El agujero. Página 72.
(En este cuento, por poner un pero a los relatos de la autora no queda suficientemente explicado que se diga que el ingrato amante se trasladaba a otra ciudad con su mujer, abandonando a la protagonista (página 73) pero ésta se lo encuentre tiempo más tarde (página 75), lo que por cierto es la circunstancia causante de su desgracia, en línea con la mayoría de los textos y su crítica al varón. ¿Quiere decir la autora que el amante mentía y no se ha trasladado? ¿O quizá que la protagonista está obsesionada con él y lo encuentra en todas partes?).

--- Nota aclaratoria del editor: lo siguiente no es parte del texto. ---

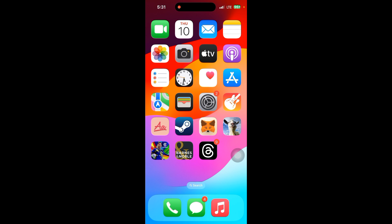Let's get started. First, select the app you want to hide, and after that, long press on the app.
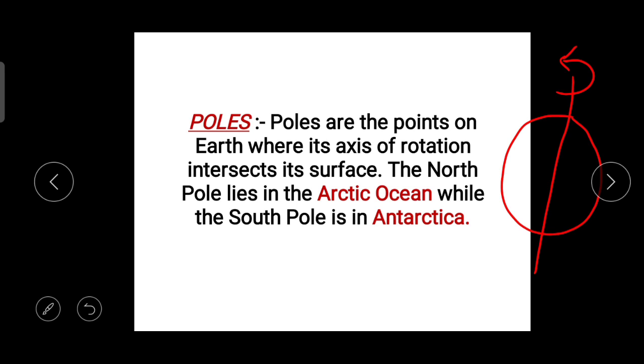Poles are the points on Earth where its axis of rotation intersects its surface.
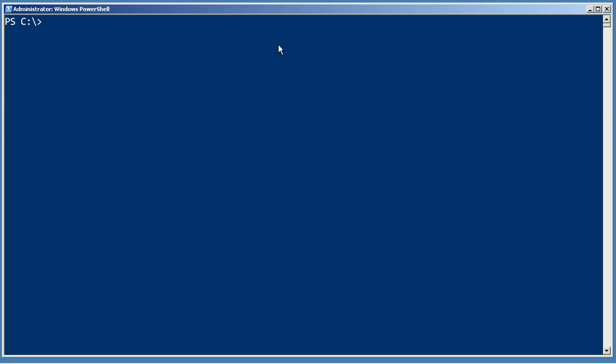A really cool thing you can do with PowerShell is have it automatically create HTML pages from output. So let's say I get a bunch of services from a particular machine, I can convert that to HTML.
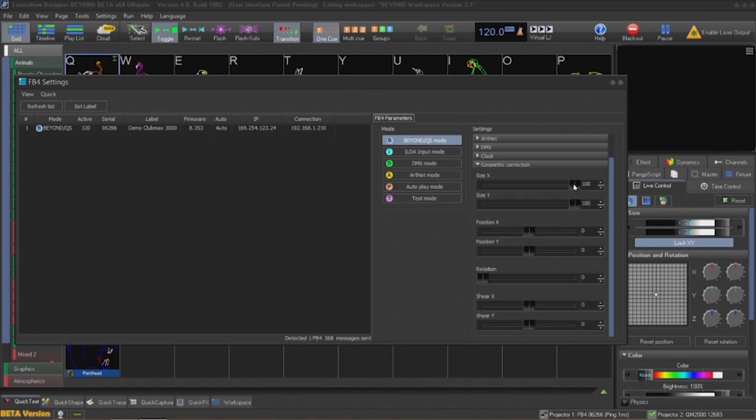The last menu of interest is the geometric correction menu. This will allow for basic geometric correction for non-flat surfaces.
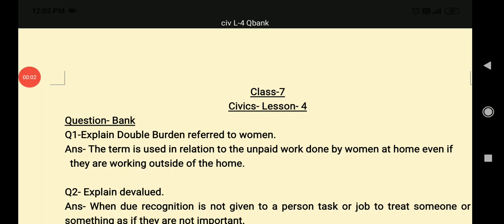Good morning to all my kids. This is a civics lesson for the question bank PDF. I'm going to discuss lesson questions from the question bank. Question number one is: explain double burden referred to women.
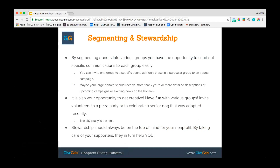Various ways of segmenting and stewardship really are one and the same — getting donors grouped a certain way and then sending out particular correspondence to them. By segmenting donors into various groups, you have the opportunity to send specific communications to each group easily. If you have an event coming up that you only want one particular group invited to, you already have that group identified. Maybe you have an appeal campaign or capital campaign you only want to send to your large donors or sponsors — you'll already have them grouped.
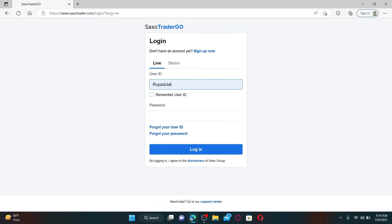If you want the system to remember your user ID for you, check this little remember user ID box. But make sure to leave it unchecked if you are using a public or a shared device.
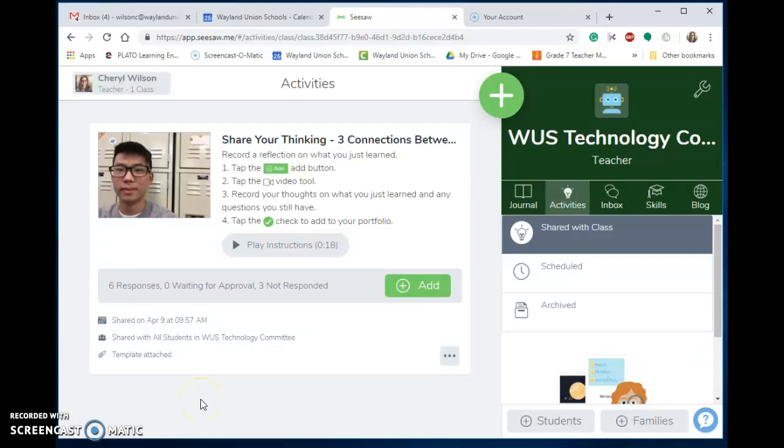Seesaw has been a tremendous tool for elementary teachers to have their students record videos, take pictures, add drawings, and reflection thoughts.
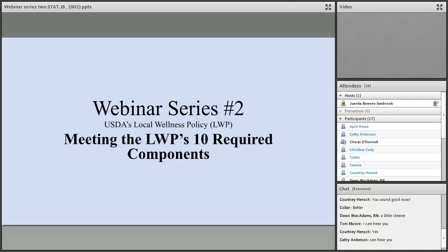Welcome to the second wellness policy technical assistance webinar series number two, titled the 10 Required Components for Local Wellness Policy. Our presenters today are Beth Berry, Senior Program Manager with Healthier Generation School Program for South Carolina, Courtney Hinch, Program Coordinator with Medical University of South Carolina Bowens Center for Children's Wellness, and Juanita Bowens, Education Associate with South Carolina Department of Education Office of Health and Nutrition.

«El aire enrarecido, cargado de bits, cae a plomo sobre niños que ya no juegan en los columpios y ancianos perdidos que buscan en vano refugio en las iglesias. Una multitud ansiosa, entra y sale frenéticamente de las tiendas cargada de lavadoras, ordenadores, teléfonos, jarrones, televisiones, planchas… Compran objetos de todo tipo y cuantos más acumulan más enmudecen, inmersos en una babel que ahoga palabras y gestos».
El vendedor de palabras. Página 79.
Como curiosidad diremos que en este relato encontraremos uno de los pocos ejemplos de varón positivo presentes en el libro aunque, curiosamente, también vende y es parte de una sociedad mercantil, aunque sea alternativa, con un tenderete precario, surgido en mitad de un parque, y lo que vende sea algo «inmaterial» como las palabras. Hay un algo de hippie, de miembro del 15M, de voluntad libre y al margen del sistema, de Revolución del 68 en este protagonista que intenta devolver al mundo a la comunicación y la belleza de la poesía, la fuerza de las palabras…
Un libro repleto de un ideario firme… y soñador.